Larry Gross, executive director of the Coalition For Economic Survival, one of the plaintiffs in the case, vowed, "There will, most certainly, be a next step!"
"The courts cannot be allowed to move forward with this court closure and consolidation policy," he added. "The impact would be devastating to poor people and people living with disabilities.
Because the plaintiffs were not able to secure a temporary restraining order through the federal lawsuit, the Superior Court has begun scaling back its operations to close an $85-million dollar budget deficit by June 30, including reducing the number of courtrooms hearing eviction cases.
Last year alone, the Superior Court heard about 70,000 eviction cases in 26 courtrooms. Once consolidation is in place, only five courtrooms will hear eviction cases, forcing many tenants facing eviction to commute as far as 60 miles in the early morning hours to try to save their homes.

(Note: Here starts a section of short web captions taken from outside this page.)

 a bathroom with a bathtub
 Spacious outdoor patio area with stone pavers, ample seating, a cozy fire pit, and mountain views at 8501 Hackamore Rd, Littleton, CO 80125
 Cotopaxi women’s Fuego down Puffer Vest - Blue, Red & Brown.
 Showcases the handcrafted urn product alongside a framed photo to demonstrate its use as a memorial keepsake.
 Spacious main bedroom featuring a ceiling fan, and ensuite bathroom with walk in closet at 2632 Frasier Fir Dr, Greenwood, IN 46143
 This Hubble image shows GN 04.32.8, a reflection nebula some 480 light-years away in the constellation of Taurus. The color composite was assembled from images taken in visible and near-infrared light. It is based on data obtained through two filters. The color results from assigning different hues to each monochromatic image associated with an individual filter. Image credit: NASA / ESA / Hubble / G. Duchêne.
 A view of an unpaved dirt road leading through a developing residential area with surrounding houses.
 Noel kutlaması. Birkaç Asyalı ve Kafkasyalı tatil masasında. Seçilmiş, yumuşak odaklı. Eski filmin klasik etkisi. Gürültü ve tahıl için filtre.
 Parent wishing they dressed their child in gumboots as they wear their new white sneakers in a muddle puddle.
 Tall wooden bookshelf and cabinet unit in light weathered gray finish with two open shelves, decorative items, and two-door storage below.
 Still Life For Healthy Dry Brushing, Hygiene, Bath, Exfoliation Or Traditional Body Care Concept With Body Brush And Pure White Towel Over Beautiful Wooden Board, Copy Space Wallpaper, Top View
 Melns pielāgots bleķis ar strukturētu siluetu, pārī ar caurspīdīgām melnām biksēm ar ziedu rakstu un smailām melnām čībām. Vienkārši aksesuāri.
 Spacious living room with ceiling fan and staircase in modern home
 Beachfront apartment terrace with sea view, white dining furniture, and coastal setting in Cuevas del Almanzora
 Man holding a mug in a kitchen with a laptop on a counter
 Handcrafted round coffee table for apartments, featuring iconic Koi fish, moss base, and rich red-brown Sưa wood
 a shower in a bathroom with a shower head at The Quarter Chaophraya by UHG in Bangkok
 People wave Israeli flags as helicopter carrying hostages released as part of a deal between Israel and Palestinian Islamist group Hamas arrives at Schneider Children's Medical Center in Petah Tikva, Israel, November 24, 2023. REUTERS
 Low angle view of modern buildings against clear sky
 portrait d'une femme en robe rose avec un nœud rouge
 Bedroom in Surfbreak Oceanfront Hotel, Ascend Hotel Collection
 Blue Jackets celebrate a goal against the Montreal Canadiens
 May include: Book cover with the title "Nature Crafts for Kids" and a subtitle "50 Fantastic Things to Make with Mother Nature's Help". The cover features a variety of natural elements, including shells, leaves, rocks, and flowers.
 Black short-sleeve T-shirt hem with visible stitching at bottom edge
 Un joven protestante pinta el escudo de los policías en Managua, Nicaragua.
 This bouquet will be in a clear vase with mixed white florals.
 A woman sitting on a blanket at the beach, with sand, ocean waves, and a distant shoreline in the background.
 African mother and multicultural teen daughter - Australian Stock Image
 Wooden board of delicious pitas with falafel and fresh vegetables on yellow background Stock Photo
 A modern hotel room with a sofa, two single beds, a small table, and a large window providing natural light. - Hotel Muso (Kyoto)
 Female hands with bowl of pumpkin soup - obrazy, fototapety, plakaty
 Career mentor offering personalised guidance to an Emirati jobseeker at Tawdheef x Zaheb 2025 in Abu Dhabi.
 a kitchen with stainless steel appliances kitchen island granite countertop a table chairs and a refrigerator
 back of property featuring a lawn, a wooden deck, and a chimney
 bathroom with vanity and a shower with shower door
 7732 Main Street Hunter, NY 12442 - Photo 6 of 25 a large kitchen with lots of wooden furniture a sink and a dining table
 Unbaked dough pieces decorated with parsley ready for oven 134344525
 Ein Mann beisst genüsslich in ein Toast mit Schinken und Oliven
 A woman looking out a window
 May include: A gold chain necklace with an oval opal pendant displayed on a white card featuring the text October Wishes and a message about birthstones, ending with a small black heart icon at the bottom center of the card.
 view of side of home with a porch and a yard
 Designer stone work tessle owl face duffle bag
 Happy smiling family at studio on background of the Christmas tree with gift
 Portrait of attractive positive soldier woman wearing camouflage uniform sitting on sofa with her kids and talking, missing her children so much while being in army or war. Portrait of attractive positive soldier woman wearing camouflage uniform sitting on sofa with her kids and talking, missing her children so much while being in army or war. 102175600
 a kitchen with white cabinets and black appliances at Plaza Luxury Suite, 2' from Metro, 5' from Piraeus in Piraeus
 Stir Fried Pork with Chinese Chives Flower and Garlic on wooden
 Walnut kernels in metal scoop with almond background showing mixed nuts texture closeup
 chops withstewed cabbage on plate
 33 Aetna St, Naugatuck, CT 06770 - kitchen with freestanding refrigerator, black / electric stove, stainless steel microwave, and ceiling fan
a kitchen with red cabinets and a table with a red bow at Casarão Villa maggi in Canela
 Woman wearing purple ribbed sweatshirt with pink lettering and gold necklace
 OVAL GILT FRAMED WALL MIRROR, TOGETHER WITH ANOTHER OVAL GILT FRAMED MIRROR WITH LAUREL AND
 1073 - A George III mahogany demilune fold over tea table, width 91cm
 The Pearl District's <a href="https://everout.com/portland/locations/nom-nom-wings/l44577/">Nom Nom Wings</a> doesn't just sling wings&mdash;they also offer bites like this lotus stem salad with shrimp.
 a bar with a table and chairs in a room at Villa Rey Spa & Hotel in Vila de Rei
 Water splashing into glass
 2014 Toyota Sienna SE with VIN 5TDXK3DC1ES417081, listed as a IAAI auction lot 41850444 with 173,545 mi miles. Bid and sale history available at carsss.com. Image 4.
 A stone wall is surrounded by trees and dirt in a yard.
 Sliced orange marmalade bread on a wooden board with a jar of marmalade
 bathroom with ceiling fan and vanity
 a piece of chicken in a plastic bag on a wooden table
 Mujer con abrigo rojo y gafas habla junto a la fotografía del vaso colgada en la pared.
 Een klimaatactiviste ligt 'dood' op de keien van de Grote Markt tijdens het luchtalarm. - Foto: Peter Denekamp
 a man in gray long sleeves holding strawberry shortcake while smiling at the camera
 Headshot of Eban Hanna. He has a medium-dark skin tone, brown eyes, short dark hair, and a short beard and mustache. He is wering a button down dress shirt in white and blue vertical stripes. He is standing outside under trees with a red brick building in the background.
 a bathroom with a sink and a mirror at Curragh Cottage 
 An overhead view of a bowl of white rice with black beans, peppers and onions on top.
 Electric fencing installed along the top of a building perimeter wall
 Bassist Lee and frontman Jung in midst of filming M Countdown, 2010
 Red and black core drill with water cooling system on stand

The Superior Court has also begun the first phase of closing eight courthouses and removing most court work from two other locations. Consolidation also means small claims cases will be heard in only six courthouses instead of current 26.
"The first phase of the court's consolidation plan began on March 18," Mary Hearn, spokeswoman for the Superior Court, said. "As of that date, new unlawful detainer cases, as well as new small claims, general civil personal injury, and limited civil cases must be filed at the courthouse locations described in the notices and the plan."
"Pending cases will continue to be heard at the courthouses where they originated until the parties receive notice that their cases have been transferred," she added.
Those who want to file new eviction cases in the San Fernando Valley can no longer do so in either the Van Nuys or Chatsworth courthouses. They have to go to either Santa Monica or Pasadena instead.